Nie popieram wyboru Georgesa, za całego serca jestem jemu przeciwna,uważam eutanazję za czyn moralnie zły. Nie będę jednak oceniała postawy bohatera, nie mam do tego prawa - nie ona stanowi o wartości tego filmu i nie może stanowić kryterium jego oceny. W pracy na co dzień stykam się ze śmiercią, chorobą i cierpieniem pacjentów w wieku podeszłym. Widzę czym są schorzenia geriatryczne i z czym się wiążą dla chorych, ich bliskich i opiekunów. Cieszę się,że podejmujący tak trudną tematykę obraz powstał. Film stanowi studium uczuć i emocji związanych z chorobą i odchodzeniem - od zaprzeczenia,lęku i strachu,przez ból i cierpienie. Dla mnie byłby bardziej wartościowy z pominięciem wątku eutanazji, zabrakło mi godnego towarzyszenia Annie do końca w cierpieniu,Georges ostatecznie się poddał - nie mnie go oceniać. Tym bardziej nie odważę się napisać,że nie kochał żony. Widuję często,że bliskim osób chorych często w skrajnych emocjach puszczają nerwy, zachowują się irracjonalnie i skandalicznie. Dla wyjaśnienia zachowania Anny:chorzy po udarach,często w wyniku zmian powstałych w mózgu nie są zdolni do obiektywnej i pełnowymiarowej oceny rzeczywistości - rzekoma "złośliwość" pacjenta nie wynika najczęściej z jego złej woli. Rzeczywistość - trud opieki nad Anną - przerosły Georgesa...Chcąc pozostać wiernym złożonej obietnicy,postąpił źle-nie zawsze oddziały opieki długoterminowej, hospicja i domy opieki są gorszym wyborem. Nie wszystkie rodziny dorosły do opieki nad chorym w domu,nie zawsze jest taka możliwość. To niejednokrotnie są bardzo trudne,dramatyczne wybory... Życzę nam Wszystkim wiele pokory w omawianiu tematów związanych z wiekiem podeszłym, chorobą i śmiercią... Jeszcze jedno: mam nadzieję,że Emmanuelle Riva otrzyma Oskara. Wyrazy uznania dla jej interpretacji roli Anny.

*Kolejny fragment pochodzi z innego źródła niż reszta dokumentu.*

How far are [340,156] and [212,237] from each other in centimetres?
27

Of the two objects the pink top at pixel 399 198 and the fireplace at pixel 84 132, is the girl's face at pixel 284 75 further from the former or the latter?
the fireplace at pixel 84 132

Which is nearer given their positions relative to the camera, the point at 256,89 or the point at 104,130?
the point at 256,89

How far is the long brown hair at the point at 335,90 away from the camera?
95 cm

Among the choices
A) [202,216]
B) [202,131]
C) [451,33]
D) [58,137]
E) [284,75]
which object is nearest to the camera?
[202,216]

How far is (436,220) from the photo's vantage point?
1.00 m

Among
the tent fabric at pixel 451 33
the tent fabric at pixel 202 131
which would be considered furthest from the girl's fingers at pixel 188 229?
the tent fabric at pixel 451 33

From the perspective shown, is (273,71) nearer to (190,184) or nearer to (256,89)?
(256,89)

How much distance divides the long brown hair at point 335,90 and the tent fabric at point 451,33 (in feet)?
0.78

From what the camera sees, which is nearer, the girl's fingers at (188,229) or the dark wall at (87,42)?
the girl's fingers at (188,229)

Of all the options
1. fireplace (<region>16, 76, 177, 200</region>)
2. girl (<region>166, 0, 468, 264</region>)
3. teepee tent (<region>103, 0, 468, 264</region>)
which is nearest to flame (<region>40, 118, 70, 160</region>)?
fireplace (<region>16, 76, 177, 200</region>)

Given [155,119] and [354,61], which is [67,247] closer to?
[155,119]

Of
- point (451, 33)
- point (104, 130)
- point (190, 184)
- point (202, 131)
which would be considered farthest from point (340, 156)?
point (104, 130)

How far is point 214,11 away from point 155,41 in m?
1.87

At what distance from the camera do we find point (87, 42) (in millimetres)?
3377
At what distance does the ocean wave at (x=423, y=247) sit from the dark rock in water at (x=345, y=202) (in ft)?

Towarzyszyć w cierpieniu, czy cierpieniu ulżyć. W moim odczuciu jego akt, był aktem miłości.
No i mnie się wydaje, że to jednak nie było ulżenie sobie w trudnej sytuacji opieki nad umierającą żoną, ale ukrócenie jej cierpienia i wegetacji bez godności. Decyzja straszna. Co się z Georgesem dzieje na końcu? Czy to wspólne wyjście nie jest symbolem również jego śmierci?

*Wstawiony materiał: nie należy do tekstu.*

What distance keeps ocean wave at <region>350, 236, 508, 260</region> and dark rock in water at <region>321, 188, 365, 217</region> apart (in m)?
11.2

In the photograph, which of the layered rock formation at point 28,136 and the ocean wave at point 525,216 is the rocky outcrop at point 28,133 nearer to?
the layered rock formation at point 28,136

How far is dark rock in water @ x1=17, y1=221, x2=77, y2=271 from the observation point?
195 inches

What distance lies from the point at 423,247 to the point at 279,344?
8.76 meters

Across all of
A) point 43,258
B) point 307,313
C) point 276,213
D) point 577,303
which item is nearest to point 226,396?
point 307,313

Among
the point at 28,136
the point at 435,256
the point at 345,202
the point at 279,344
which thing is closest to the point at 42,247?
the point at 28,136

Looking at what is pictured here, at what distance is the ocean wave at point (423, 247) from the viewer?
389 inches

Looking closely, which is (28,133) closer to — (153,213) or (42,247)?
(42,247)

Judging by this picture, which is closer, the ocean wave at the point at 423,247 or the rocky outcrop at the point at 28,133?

Romana, mówisz, że nie oceniasz, a oceniasz na każdym jednak kroku. Jeśli światopogląd Georgesa różni się od Twojego, w jego odczuciu z pewnością nie poddał się ostatecznie. Patrzysz na te dramaty w pracy, czy w filmie z boku - i jako osoba postronna, i jako osoba o innym światopoglądzie właśnie. To pobrzmiewa w Twojej wypowiedzi, która mnie trochę razi jakąś taką protekcjonalnością.

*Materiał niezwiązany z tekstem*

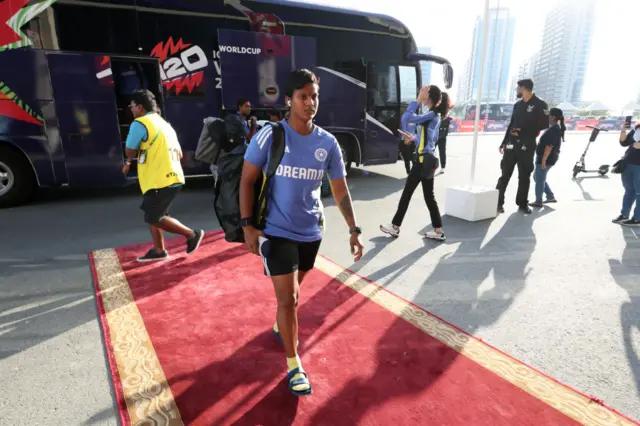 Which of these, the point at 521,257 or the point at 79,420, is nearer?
the point at 79,420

Nie oceniam i nie potępiam człowieka, mam jednak prawo wyrazić swoją opinię na temat czyjegoś postępowania, mam także prawo do własnego zdania- "jakaś taka protekcjonalność" to mało precyzyjne określenie... Moja opinia nie jest zgodna z współczesnym-liberalnym spojrzeniem na eutanazję - to nie czyni jej automatycznie protekcjonalną. Poza tym osobiście także byłam w podobnej sytuacji-nie jako osoba "postronna"- to forum nie jest jednak miejscem na tego typu zwierzenia.